Though Nigeria has the highest GDP among the African Index countries, it ranks third lowest for income security, the report said.
"This reflects its limited pension coverage, at 5 per cent. It ranks 84th in the health domain and, with Rwanda, has the lowest life expectancy at age 60 – 16 years.
"For employment and education, Nigeria ranks 70 with the fourth highest proportion of older people, 17.4%, with secondary or higher education among its African Index counterparts.
"Nigeria ranks second lowest regionally, at 76, in the enabling environment domain, with only 53% of older Nigerians enjoying civic freedom.
The report indicated that older Nigerians are taking part in the Age Demands Action campaign for the first time this year.
In contrast, Sweden offers the best environment to grow old. Expectedly, Afghanistan is the worst – but general affluence does not necessarily mean better conditions for the over-60s, reports the London Guardian.
While Sweden's top ranking – followed by Norway, Germany, the Netherlands and Canada – may be predictable, the Global AgeWatch index throws up some surprising results.
The US, the world's richest country, languishes in eighth place, while the UK fails to make the top 10, residing instead at No 13. Sri Lanka ranks 36, well above Pakistan at 89, despite similar levels of gross domestic product (GDP). Bolivia and Mauritius score higher than the size of their economies may suggest, while the emerging economies of Brazil, Russia, India and China are a mixed bag. Brazil and China rank relatively high on the index; India and Russia sit much lower.
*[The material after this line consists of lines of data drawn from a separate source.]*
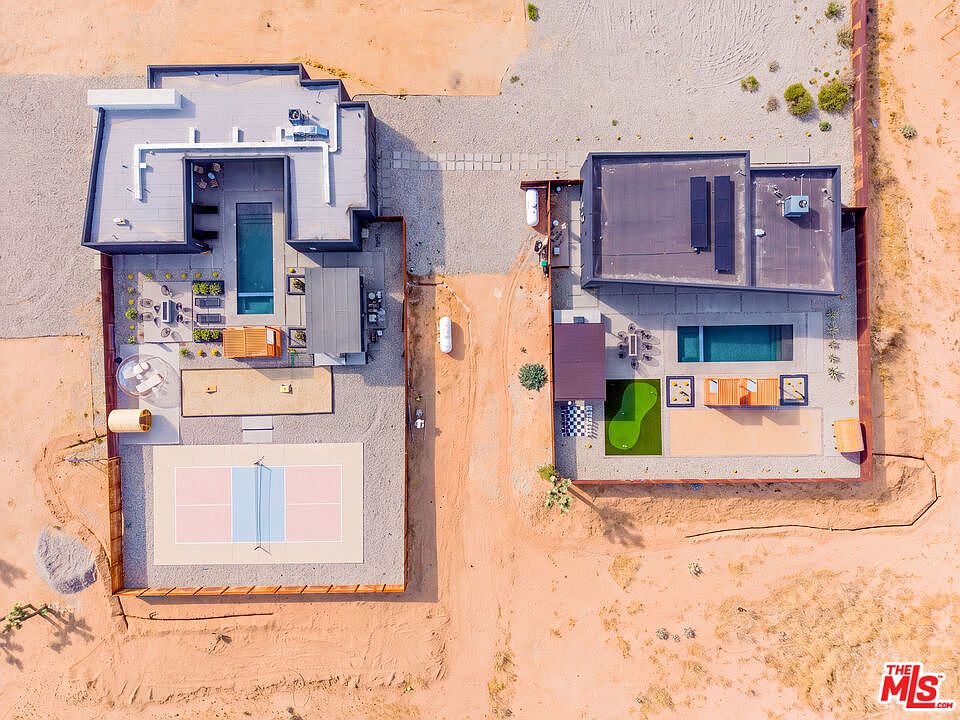 1st image of 60630 Cielito Dr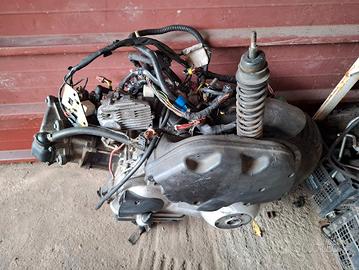 blocco motore vespa gts ie 2005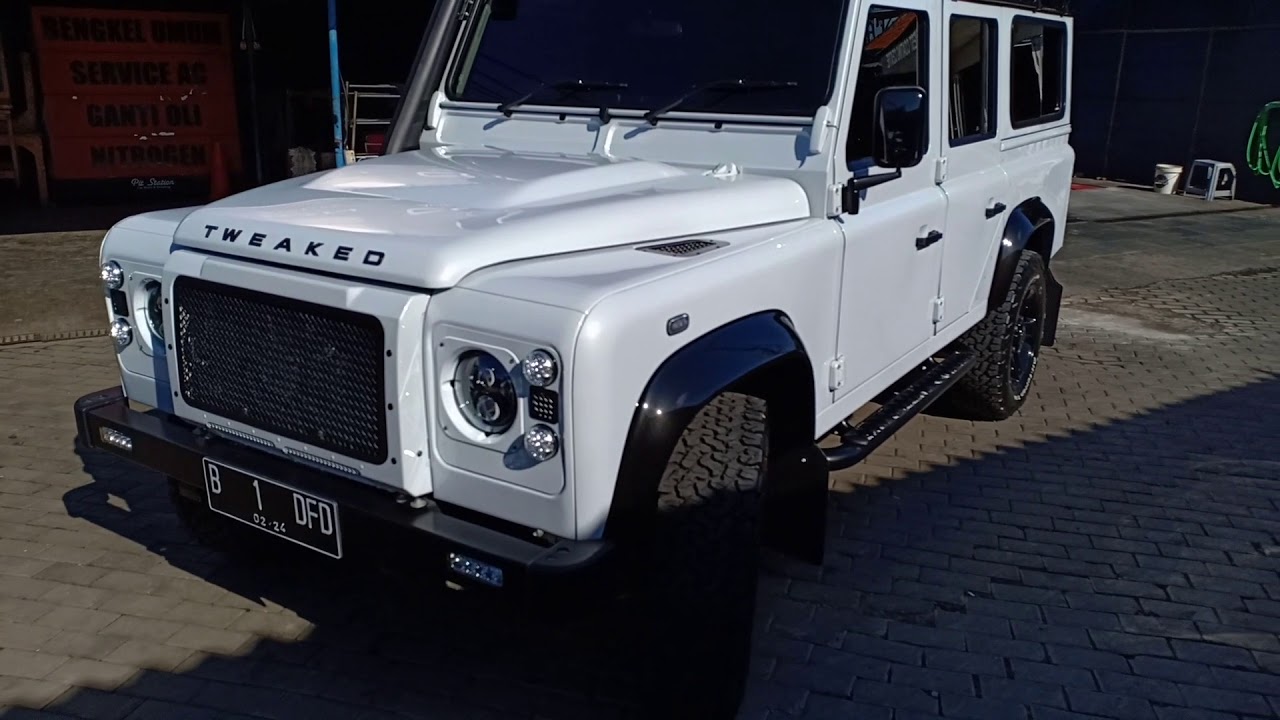 Detail Gambar Mobil Land Rover Defender Startech Nomer 50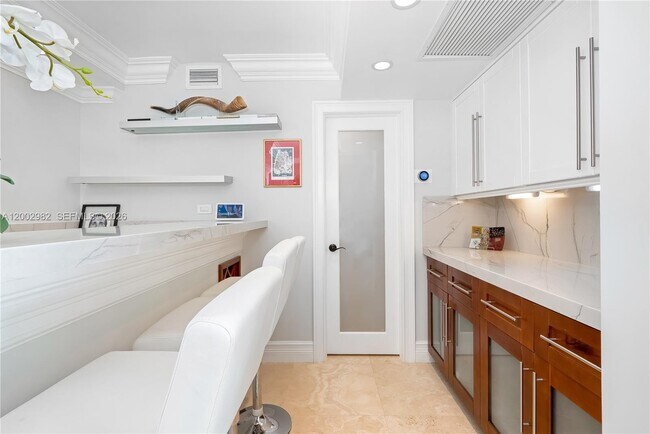 Building Photo - 3140 S Ocean Dr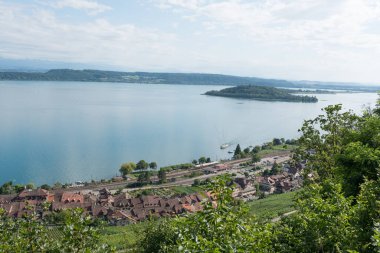 Twann, İsviçre - 14 Ağustos 2019 - Gaicht 'ten Twann' a ve Biel Gölü 'ne yürü.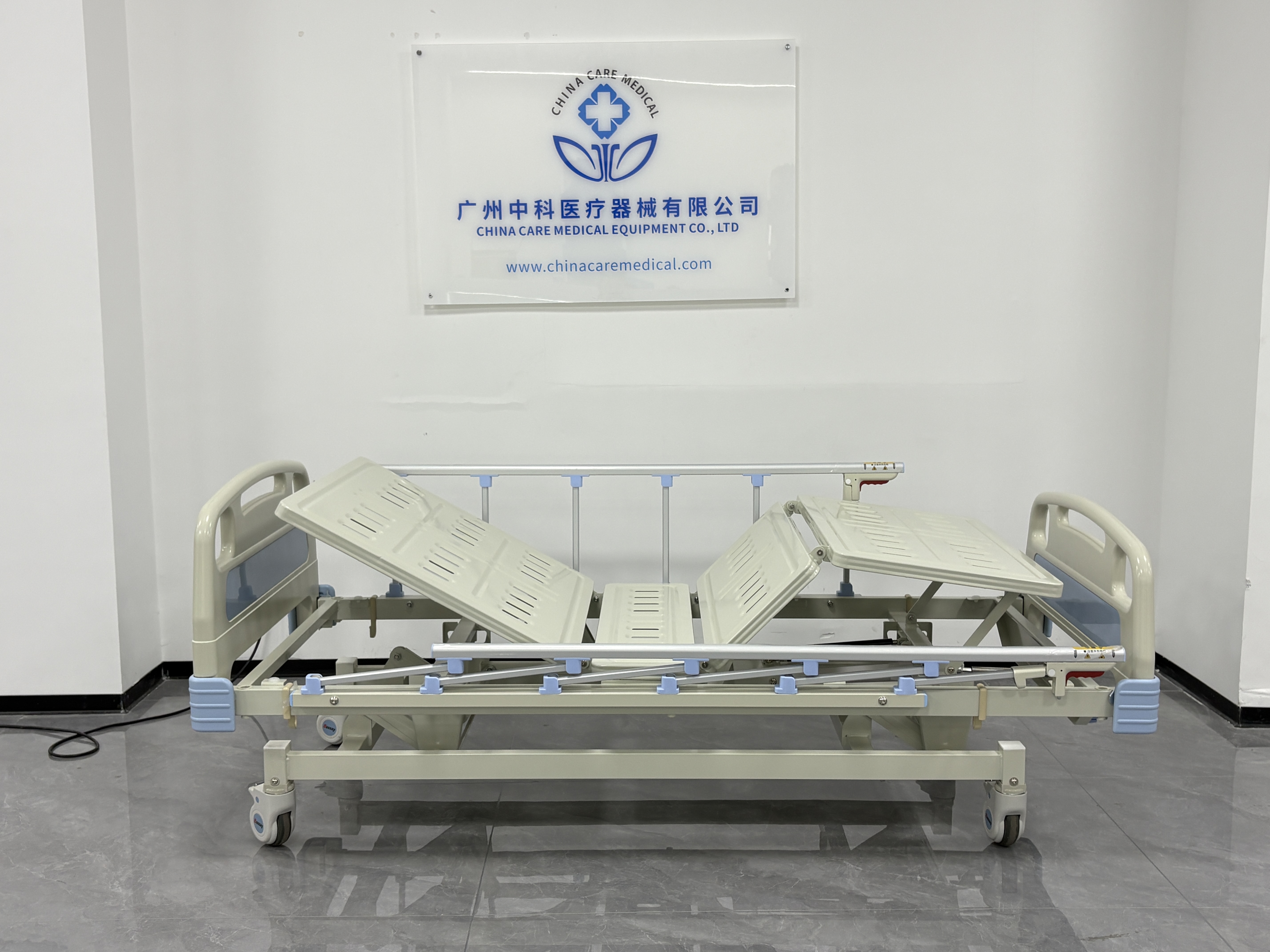 Cama de hospital manual de tres funciones-5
The ageing index is calculated using 13 indicators under four headings: income security, healthcare, employment and education, and an enabling environment. All indicators have equal weight, except for pension income coverage, life expectancy at 60, healthy life expectancy at 60, and psychological wellbeing. These categories were given increased weighting because of better data quality, and countries were included only if there was sufficient data.
The best and worst countries to grow old: the UN rankings
The index was compiled by the HelpAge International advocacy group and funded by the UN Population Fund
7. New Zealand
Britain came in at 13, ahead of Australia (14) and France (18).
Lower down in the rankings were the emerging economies of Brazil (31), China (35), South Africa (65), India (73) and Russia (78).